## Work item
Output exactly the lines between the one holding "del Obelisco. Cuatro" and the last line of the data below, both of those lines included.

(Dataset excerpts)
---+---

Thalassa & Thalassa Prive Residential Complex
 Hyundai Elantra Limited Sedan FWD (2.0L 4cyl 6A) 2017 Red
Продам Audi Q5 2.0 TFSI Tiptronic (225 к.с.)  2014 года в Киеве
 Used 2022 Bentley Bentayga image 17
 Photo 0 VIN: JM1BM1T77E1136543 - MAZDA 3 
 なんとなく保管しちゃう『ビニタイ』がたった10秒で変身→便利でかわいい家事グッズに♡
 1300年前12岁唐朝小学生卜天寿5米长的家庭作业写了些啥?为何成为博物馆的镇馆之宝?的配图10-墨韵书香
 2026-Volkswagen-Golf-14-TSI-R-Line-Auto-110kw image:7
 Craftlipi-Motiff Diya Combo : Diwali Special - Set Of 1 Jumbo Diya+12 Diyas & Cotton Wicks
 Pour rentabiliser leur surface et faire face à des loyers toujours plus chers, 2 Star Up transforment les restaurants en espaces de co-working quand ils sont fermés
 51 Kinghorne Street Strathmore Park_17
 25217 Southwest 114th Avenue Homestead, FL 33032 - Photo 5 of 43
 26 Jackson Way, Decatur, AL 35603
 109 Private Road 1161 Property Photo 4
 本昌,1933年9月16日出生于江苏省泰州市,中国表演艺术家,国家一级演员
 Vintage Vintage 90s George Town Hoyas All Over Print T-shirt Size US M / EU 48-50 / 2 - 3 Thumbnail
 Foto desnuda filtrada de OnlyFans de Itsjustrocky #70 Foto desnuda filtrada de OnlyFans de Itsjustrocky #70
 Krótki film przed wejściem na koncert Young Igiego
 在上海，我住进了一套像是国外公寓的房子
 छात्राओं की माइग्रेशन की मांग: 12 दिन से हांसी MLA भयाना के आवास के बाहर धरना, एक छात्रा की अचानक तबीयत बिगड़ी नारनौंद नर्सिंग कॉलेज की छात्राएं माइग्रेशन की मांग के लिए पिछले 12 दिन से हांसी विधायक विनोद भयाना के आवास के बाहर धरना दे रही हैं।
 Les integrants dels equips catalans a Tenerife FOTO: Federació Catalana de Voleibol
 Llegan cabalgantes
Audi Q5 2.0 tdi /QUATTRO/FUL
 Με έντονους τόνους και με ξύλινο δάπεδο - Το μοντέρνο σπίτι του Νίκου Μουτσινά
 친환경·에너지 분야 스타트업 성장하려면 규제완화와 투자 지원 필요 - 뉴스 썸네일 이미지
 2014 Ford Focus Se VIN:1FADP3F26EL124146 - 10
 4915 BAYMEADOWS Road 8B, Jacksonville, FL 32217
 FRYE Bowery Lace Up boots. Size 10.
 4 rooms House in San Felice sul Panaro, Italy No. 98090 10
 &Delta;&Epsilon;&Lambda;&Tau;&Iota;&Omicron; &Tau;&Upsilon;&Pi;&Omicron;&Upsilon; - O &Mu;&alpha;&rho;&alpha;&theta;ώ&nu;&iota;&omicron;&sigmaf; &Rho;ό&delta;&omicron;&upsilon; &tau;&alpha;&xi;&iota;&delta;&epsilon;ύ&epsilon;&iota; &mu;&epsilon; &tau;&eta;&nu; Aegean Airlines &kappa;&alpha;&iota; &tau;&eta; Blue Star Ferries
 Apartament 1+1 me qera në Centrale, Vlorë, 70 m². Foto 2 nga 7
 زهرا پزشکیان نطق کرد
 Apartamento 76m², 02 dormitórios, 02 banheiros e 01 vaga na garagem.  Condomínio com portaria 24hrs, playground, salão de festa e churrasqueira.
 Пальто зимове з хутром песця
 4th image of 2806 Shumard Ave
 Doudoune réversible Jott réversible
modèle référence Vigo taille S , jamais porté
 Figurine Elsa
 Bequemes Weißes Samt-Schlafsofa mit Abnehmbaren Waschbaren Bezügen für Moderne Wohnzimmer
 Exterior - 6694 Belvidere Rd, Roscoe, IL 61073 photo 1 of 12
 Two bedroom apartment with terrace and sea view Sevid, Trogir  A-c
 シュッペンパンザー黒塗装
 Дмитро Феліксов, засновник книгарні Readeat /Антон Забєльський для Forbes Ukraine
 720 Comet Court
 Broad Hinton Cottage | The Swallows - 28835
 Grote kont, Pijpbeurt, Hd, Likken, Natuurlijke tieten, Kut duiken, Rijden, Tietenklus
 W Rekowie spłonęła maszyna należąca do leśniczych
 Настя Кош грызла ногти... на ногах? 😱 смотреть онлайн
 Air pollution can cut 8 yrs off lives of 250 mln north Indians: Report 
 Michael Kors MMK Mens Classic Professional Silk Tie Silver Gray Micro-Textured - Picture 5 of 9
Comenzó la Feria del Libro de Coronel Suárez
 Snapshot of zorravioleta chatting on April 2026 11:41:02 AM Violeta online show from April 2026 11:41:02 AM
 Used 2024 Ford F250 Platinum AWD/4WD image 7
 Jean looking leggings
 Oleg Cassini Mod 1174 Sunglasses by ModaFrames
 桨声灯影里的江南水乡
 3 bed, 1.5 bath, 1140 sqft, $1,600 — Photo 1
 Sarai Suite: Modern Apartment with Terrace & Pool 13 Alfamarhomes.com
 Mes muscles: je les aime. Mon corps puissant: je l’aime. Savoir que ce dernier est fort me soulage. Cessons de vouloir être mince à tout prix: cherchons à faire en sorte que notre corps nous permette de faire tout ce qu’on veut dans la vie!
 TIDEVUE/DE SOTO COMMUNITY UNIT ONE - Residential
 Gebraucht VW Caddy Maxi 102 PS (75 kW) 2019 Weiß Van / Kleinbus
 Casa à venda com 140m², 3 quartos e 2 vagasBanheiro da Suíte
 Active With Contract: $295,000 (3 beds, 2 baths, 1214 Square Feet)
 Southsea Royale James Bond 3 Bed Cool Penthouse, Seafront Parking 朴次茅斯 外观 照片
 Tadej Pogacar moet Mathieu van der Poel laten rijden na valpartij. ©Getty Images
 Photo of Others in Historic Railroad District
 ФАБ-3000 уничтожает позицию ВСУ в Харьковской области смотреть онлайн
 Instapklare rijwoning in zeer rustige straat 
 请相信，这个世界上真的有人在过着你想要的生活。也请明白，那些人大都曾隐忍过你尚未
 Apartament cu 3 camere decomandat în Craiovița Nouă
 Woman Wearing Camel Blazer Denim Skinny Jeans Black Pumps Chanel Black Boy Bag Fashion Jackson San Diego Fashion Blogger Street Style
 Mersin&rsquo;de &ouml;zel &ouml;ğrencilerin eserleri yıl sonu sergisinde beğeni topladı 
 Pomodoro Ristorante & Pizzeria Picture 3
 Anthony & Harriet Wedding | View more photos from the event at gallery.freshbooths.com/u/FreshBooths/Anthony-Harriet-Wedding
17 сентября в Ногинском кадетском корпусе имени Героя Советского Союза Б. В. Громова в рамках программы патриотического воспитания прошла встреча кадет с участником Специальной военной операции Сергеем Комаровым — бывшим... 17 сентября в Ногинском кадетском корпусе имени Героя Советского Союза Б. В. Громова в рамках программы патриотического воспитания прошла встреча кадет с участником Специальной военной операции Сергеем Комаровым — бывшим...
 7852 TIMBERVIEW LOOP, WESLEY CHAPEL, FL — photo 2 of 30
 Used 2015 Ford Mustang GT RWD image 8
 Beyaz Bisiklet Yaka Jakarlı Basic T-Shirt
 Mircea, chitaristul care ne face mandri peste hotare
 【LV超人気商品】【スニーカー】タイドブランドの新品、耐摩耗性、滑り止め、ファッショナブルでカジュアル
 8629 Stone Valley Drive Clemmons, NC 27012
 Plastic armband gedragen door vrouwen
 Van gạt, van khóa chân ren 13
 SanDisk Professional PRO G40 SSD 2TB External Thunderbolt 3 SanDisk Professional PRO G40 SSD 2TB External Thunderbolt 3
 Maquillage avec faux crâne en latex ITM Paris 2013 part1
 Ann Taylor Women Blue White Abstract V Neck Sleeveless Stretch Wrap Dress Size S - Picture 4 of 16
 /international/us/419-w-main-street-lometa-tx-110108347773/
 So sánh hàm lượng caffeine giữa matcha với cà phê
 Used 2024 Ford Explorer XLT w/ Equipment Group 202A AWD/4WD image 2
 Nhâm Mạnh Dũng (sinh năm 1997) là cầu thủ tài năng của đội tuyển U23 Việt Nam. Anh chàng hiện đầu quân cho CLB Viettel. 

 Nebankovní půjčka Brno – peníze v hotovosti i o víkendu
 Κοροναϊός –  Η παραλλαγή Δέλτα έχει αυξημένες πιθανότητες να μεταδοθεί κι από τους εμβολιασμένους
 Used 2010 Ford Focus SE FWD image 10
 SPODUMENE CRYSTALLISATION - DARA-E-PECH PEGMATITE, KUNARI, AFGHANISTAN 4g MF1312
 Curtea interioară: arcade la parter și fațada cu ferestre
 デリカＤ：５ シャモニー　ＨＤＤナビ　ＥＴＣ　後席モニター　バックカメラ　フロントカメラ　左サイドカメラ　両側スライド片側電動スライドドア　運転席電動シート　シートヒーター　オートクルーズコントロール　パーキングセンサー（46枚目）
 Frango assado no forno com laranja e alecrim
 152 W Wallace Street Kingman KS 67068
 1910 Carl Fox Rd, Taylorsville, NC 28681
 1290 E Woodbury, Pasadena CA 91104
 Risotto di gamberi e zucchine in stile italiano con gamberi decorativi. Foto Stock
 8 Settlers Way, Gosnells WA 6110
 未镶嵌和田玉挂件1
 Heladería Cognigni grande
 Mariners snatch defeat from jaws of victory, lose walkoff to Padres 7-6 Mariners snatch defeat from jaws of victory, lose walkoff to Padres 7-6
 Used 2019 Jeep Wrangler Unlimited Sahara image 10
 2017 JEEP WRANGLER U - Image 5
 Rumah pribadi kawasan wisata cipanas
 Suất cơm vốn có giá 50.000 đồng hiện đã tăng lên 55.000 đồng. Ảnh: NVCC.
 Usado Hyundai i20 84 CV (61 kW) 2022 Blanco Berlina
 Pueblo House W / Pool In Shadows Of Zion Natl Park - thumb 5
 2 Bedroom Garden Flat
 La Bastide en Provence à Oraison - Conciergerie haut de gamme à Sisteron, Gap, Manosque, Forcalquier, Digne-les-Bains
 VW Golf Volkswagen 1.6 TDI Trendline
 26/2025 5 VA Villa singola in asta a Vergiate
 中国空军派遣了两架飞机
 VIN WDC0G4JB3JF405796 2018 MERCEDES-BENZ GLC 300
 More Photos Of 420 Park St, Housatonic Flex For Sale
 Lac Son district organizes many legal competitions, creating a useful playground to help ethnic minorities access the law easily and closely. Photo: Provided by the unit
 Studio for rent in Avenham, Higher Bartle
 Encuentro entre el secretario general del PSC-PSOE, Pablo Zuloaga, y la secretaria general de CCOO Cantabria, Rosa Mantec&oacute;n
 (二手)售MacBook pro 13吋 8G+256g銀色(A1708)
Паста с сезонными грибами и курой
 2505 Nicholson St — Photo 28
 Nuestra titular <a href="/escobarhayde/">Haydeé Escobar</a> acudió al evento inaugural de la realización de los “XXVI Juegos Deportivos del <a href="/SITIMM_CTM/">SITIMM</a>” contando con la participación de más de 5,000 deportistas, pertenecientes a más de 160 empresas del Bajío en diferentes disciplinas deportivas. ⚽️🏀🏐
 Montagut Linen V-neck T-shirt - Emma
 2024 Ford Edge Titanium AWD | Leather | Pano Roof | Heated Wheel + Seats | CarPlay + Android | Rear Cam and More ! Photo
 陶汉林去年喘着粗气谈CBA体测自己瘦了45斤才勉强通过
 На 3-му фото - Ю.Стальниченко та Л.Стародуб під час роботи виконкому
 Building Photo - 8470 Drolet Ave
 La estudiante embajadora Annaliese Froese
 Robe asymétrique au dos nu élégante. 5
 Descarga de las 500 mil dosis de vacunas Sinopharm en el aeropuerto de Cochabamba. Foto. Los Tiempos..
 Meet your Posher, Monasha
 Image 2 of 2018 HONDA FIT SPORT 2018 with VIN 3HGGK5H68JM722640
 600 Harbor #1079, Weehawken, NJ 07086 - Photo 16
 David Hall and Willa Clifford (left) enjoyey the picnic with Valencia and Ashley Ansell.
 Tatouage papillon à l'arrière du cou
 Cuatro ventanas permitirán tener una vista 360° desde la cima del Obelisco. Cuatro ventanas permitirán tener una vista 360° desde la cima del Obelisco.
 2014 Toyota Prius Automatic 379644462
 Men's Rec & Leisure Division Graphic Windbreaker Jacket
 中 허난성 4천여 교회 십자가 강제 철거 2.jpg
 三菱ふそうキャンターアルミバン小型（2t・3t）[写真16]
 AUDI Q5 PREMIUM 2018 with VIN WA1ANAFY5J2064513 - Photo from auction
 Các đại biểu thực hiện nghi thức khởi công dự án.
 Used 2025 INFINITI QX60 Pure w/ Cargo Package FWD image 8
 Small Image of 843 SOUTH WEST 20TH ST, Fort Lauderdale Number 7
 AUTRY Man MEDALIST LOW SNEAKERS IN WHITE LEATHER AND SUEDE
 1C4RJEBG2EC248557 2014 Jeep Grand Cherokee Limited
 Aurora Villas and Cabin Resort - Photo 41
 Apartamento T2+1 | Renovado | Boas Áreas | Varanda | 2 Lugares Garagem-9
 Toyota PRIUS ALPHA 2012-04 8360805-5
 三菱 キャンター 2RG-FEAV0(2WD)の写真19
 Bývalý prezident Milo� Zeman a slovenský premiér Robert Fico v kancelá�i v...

---+---

## Final answer
 Cuatro ventanas permitirán tener una vista 360° desde la cima del Obelisco. Cuatro ventanas permitirán tener una vista 360° desde la cima del Obelisco.
 2014 Toyota Prius Automatic 379644462
 Men's Rec & Leisure Division Graphic Windbreaker Jacket
 中 허난성 4천여 교회 십자가 강제 철거 2.jpg
 三菱ふそうキャンターアルミバン小型（2t・3t）[写真16]
 AUDI Q5 PREMIUM 2018 with VIN WA1ANAFY5J2064513 - Photo from auction
 Các đại biểu thực hiện nghi thức khởi công dự án.
 Used 2025 INFINITI QX60 Pure w/ Cargo Package FWD image 8
 Small Image of 843 SOUTH WEST 20TH ST, Fort Lauderdale Number 7
 AUTRY Man MEDALIST LOW SNEAKERS IN WHITE LEATHER AND SUEDE
 1C4RJEBG2EC248557 2014 Jeep Grand Cherokee Limited
 Aurora Villas and Cabin Resort - Photo 41
 Apartamento T2+1 | Renovado | Boas Áreas | Varanda | 2 Lugares Garagem-9
 Toyota PRIUS ALPHA 2012-04 8360805-5
 三菱 キャンター 2RG-FEAV0(2WD)の写真19
 Bývalý prezident Milo� Zeman a slovenský premiér Robert Fico v kancelá�i v...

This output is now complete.